== What to work on ==
Would you please copy exactly the line with "Thumbnail: 2019 Volkswagen Atlas - 3" and all lines that follow it in the data below, through the last one?

== Provided material ==
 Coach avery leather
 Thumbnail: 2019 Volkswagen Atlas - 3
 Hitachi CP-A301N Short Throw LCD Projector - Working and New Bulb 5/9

== Solution for this problem ==
 Thumbnail: 2019 Volkswagen Atlas - 3
 Hitachi CP-A301N Short Throw LCD Projector - Working and New Bulb 5/9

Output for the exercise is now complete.